## INSTRUCTIONS TO FOLLOW
Output nothing but the lines from the beginning of the listing below through the line containing "Hello kitty apron", exactly as they stand, without pictures.

## RECORDED INFORMATION
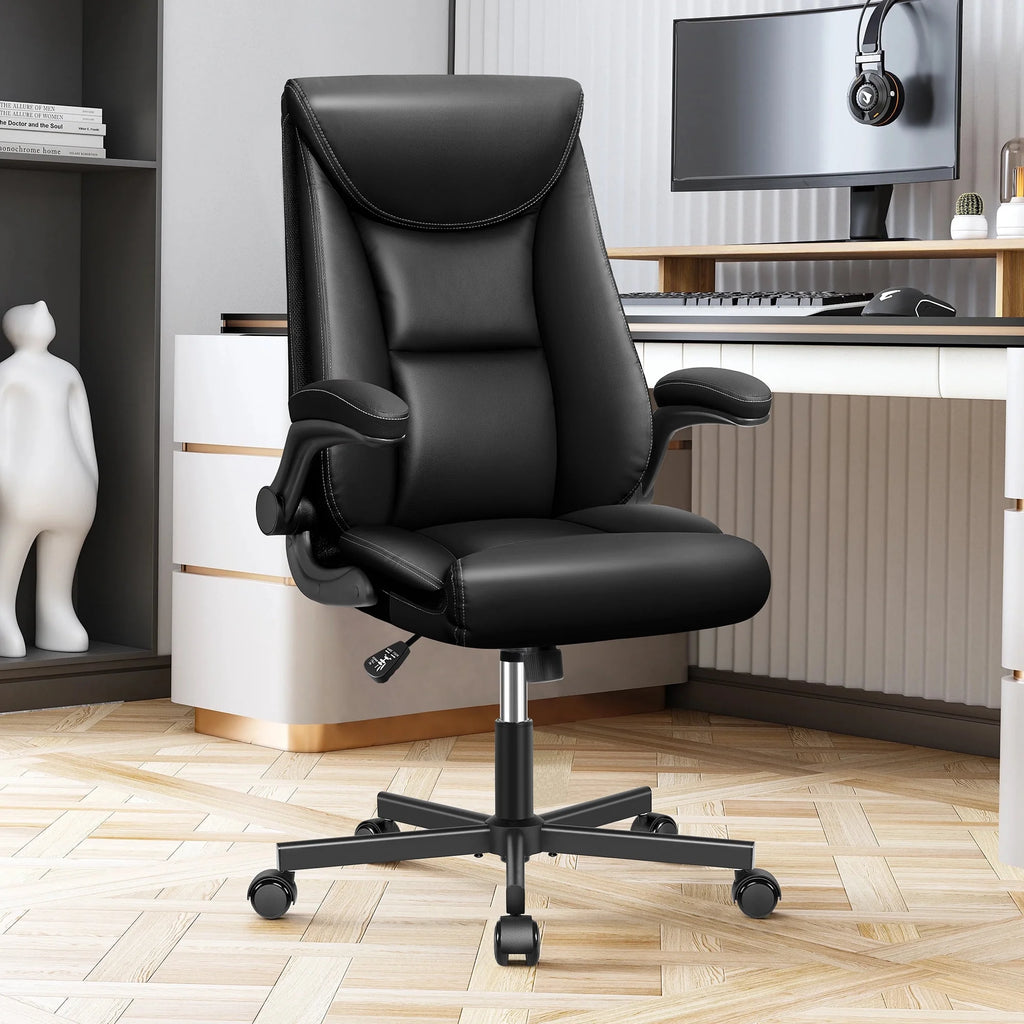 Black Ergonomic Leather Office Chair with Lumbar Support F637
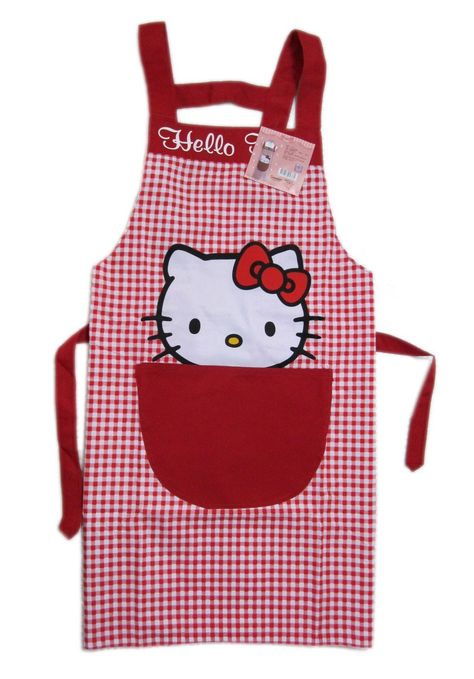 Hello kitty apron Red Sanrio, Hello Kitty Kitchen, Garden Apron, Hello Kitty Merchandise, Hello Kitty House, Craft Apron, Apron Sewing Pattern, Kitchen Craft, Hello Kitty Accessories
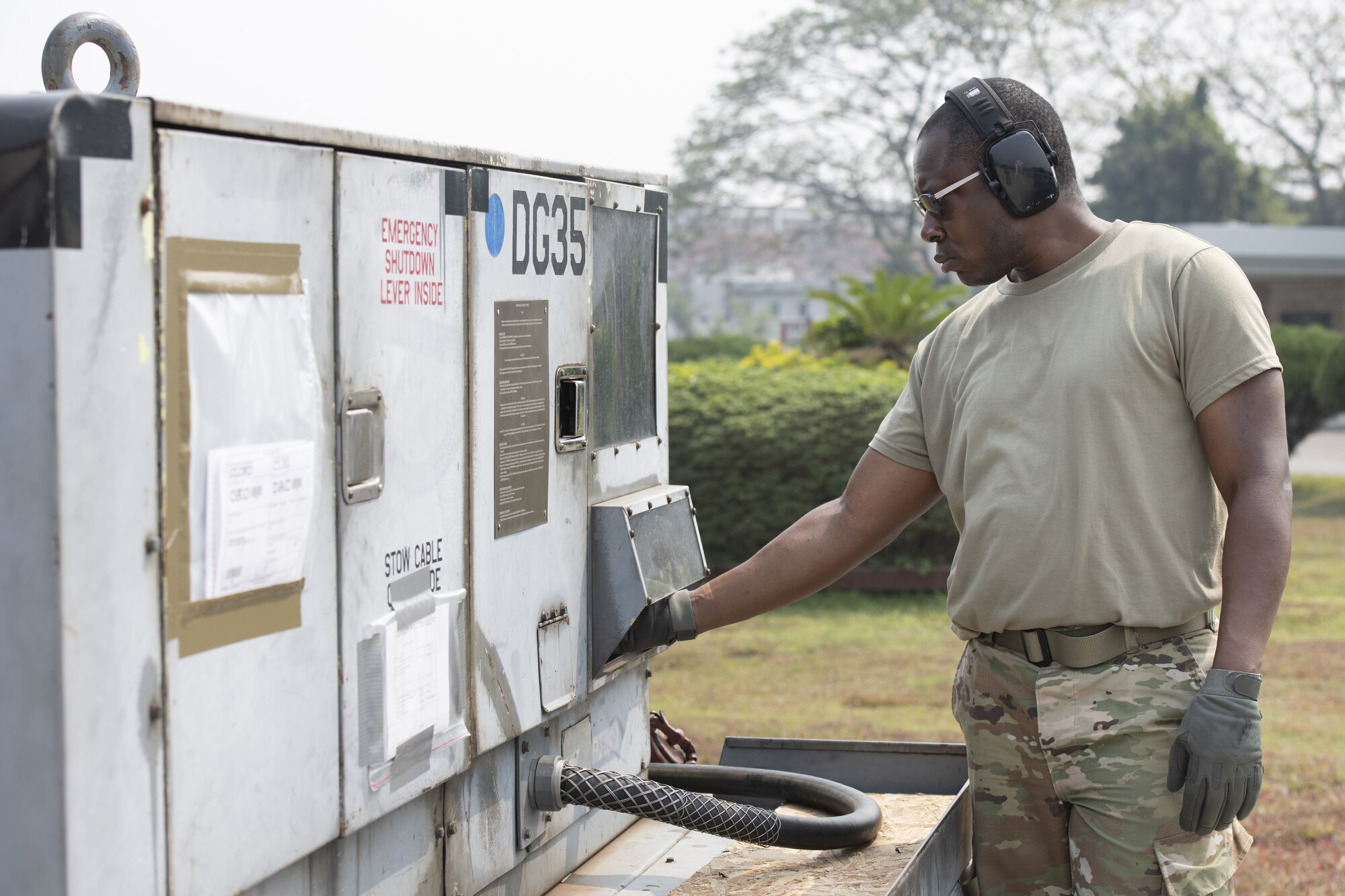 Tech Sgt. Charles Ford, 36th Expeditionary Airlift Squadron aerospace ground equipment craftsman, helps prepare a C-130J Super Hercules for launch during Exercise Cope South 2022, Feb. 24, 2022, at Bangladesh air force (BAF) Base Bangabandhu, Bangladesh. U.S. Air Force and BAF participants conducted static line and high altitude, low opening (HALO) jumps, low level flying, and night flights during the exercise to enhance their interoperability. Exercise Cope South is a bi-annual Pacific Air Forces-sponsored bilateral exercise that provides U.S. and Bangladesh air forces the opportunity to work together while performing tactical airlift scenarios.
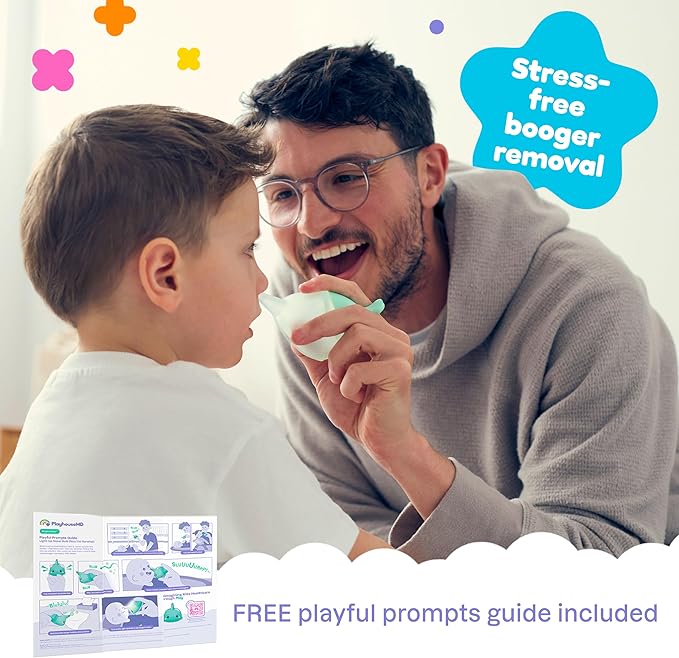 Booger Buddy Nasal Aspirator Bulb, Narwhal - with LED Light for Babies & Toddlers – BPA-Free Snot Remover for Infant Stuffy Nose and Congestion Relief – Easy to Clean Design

## EXERCISE OUTPUT
 Black Ergonomic Leather Office Chair with Lumbar Support F637
 Hello kitty apron Red Sanrio, Hello Kitty Kitchen, Garden Apron, Hello Kitty Merchandise, Hello Kitty House, Craft Apron, Apron Sewing Pattern, Kitchen Craft, Hello Kitty Accessories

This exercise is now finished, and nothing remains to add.